Dear Gary,
thanks for your answer.
Actually my main concern is memory usage. I recently had
java.lang.OutOfMemory issues when i had in total 7 similar apps.
Unfortunately i had java 1.4.2. + tomcat 5.0.28 that made difficult to
run a profiler. I switched to java 6 + tomcat 5.5.25 and the system
seems to be more stable now. I tried to add jvm parameters to increase
the memory heap -Xms , -Xmx but i noticed that it got better when i
added |-XX:Permsize| and |-XX:MaxPermSize . The last parameters indicate
more memory for loading the classes (correct me if i am wrong). I know
that it might be a memory leak (i.e. from hibernate) but could it also
be that it loaded all these classes separately and that was causing the
problem ?
Of course i agree that hard space is not an issue at all. The issue now
days is what to do with all the space that we have ;)
|
Also if apart from the dependency libraries, if you gather all your
classes in a jar file isn't it easier to overwrite one file so that all
apps will receive the update at once ?
Finally what about having one instance of tomcat per app ? What about
this case ? Here we can be very autonomous (although increases support work)
Regards,
Leonidas
Gary Affonso wrote:
Leonidas Papadakis wrote:
Greetings to all,
i have the following scenario. I want to deploy 5 apps that have
exactly the same classes (in jars). Only db access, static files and
property files change. In short all WEB-INF/lib jar files are the
same. So the question is : option1) If i put the jars under the
common/endorsed directory logically they will be loaded once in the
jvm so that all the applications will find them (common classpath).
option 2) If i keep the WEB-INF/lib structure for each web
application then the classes will be loaded for each application thus
resulting in consuming more memory from the jvm ? I think from my
experience in the second scenario if i do not put the jars in the
WEB-INF folder the application does not start (of course since the
libs are not in classpath) ...
So is it better practice and probably performance wise to place all
jars to tomcat's directory ?
This has not been our practice. We often run separate instances of
the same webapp with only property/config files being different
between the instances.
Having to tear-apart each packaged war just to consolidate the
central/common .jar files just hasn't been worth it.
We keep each app instance (no matter how similar) as a separate
deployable web-application under Tomcat and don't attempt to "share"
common resources via Tomcat's central lib directory (or other
mechanisms).
Now, as for the *effect* of that choice on our part... so far so good.
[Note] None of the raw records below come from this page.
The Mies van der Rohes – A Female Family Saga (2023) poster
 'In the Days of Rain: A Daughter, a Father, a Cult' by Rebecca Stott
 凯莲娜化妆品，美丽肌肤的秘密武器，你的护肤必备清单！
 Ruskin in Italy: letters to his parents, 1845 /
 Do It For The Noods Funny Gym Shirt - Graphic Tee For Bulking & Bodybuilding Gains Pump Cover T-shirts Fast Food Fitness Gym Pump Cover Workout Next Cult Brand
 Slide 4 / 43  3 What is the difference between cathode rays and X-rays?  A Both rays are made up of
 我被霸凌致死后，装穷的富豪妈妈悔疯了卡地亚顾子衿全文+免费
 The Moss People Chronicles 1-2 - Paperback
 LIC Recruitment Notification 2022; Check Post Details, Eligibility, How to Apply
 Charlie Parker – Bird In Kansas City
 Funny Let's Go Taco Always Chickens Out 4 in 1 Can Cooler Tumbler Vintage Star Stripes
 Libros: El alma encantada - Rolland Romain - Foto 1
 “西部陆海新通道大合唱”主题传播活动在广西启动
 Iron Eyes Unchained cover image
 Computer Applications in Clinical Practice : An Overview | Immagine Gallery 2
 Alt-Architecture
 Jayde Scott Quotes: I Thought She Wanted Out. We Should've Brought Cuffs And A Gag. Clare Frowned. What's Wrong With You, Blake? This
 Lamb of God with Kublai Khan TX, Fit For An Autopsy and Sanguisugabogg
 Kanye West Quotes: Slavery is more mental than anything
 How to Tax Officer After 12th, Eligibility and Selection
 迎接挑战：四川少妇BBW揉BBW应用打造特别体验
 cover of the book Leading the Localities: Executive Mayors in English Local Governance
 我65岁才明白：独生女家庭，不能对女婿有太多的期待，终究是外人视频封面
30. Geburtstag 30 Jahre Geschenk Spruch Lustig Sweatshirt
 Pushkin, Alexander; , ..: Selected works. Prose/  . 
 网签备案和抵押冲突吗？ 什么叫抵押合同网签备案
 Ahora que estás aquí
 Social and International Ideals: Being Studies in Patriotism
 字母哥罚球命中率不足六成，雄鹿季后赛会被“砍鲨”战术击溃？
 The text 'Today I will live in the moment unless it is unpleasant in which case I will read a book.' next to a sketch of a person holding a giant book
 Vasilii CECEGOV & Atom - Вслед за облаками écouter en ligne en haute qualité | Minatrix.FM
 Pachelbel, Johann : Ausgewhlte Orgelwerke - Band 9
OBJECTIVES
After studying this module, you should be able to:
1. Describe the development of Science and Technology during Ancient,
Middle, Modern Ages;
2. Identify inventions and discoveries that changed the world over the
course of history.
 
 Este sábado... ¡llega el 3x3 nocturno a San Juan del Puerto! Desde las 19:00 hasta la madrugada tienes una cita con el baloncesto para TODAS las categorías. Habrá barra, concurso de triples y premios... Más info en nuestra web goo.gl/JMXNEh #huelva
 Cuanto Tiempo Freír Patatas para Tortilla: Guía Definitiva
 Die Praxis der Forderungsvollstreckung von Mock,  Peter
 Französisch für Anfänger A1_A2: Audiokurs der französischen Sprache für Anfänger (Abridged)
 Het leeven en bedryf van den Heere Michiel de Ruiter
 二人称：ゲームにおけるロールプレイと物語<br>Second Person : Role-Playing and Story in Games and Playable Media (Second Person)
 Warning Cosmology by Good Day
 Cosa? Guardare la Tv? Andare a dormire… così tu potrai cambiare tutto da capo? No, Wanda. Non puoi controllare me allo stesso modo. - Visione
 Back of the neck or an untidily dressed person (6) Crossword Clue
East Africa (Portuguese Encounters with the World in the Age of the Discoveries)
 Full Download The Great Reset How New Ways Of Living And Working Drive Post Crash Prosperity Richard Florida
There's a disk-space hit, I suppose, in having duplicate copies of
most files/libs in each of the webapps. But, jeez, disk space is so
cheap and the file sizes are so small that (to us) it doesn't even
merit concern.
As for JVM memory consumption, you might be right. Each tomcat webapp
gets its own classloader (in general a "very good thing") and I
suppose consolidating shared libs into Tomcat's common classloader
might provide some memory-consumption benefit. I've never looked into
this so I can't answer that definitively one way or the other. For us
the answer is still the same as the disk-space issue: I'd rather buy
more memory than start tearing apart my packaged webapps just to try
and consolidate a few libs and save a few megs. But that's us.
It's really an optimization choice. Do you want to optimize for
disk-space usage/memory usage, or do you want to optimize for ease of
build/installation?
We vastly prefer to optimize for ease-of-build/installation.
Disk-space and memory resources are far *less* precious than our own
developer time. But again, that's us.